Des mots debouts, incarnés par des voix polyphoniques, tantôt souffle, tantôt cri... Homme ou femme ont porté les paroles sorties des tiroirs de ce grand monsieur du théâtre, Gabriel Garran.
Plus d'un demi-siècle d'histoire, de la perte d'un père pendant la guerre, à la découverte de la langue déchirée et léguée à nos anciennes colonies, héritier de tous les combats, porte drapeau, marchant souvent à contre-courant, empruntant les chemins de traverse, préférant débrousailler que marcher à découvert, faisant traverser le périphérique à la culture (avec ou sans majuscule), faisant claquer les mots comme des balles pour abattre les a priori et renverser les ordres établis, créant ce qui n'existe pas.

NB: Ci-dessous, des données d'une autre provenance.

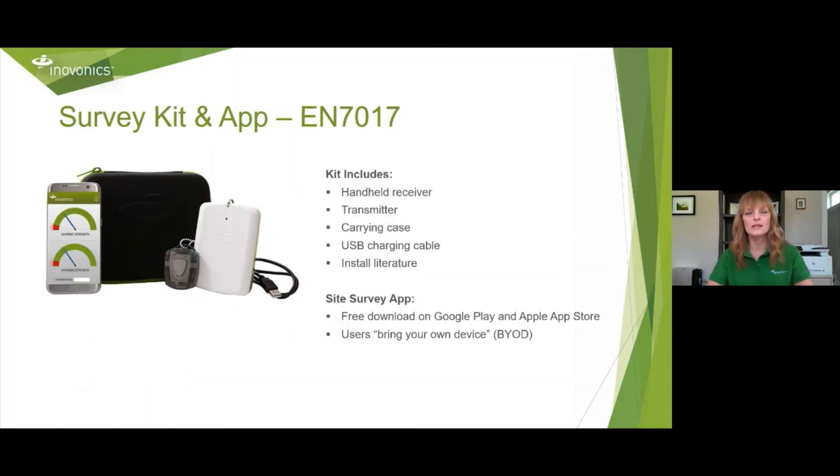We also have a mini survey kit — the EN7017. It's a nice little kit that fits in a carrying case: a handheld receiver, a transmitter, a USB charging cable, and installation literature. Download the Univonic survey kit program from Google Play or the Apple App Store on your phone and you're good to go. Charge the receiver the night before so it's fully charged when you visit your customer. On your phone, it'll show red if you need a repeater and green if you're good. It's very easy to use, and you can always call tech services if you need help.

Ces poèmes prennent aux tripes quand une comédienne s'avance et nous offre une ode au théâtre, quand un couple s'avance pour nous évoquer de la façon la plus imagée et pudique qui soit une première fois, quand un double de l'ange Gabriel dénonce ce petit monde imbu de lui-même
On part de la naissance malencontreuse de cet enfant dans la honte et la fuite, qui le mèneront de Pologne en France, mâchant du papier pour s'imprégner de ces livres, lui pour lequel les portes de l'école étaient closes.
Et puis, dans ce jeu d'ombre et de lumière, parmi les comédiens "nus" portant le texte de leurs voix et de leurs tripes et une ambiance sonore (de Romain Kronenberg) ponctuant, soulignant la tension émotionnelle... soudain l'émotion atteint son paroxysme quand Tcheky Karyo, poète lunaire, funambule, s'installe guitare à la main et nous chante un texte sur lequel il a composé la musique... j'en ai pleuré.

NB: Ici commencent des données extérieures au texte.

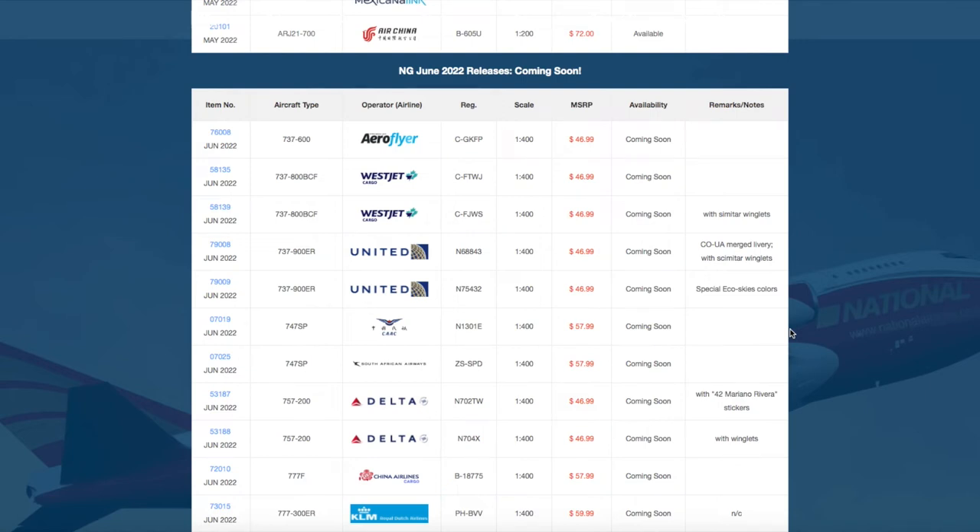What is up everybody, Garden State Deviation here back with another video. This is NG Model's June 2022 releases. Without further ado, let's get started.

Chacun s'est donné pour faire vivre la parole de cet homme de l'ombre, humble, qui s'excuse presque, nous disant que tout cela aurait pu rester des ses tiroirs, mais le public répond unanime : "cela aurait été dommage".
Ce témoignage vivant, ce regard décalé sur la vie, l'amour, l'écriture, le théâtre, la place de l'art dans la vie et inversement.
Exister envers et contre tout et tous, oser s'imposer, même si l'on n'a pas le profil de l'emploi et offrir aux autres une place, se sentir proche de tous, les écouter, porter en soi son héritage, chercher son reflet dans les miroirs déformants : un regard lucide, touchant, cynique parfois, mais surtout aimant.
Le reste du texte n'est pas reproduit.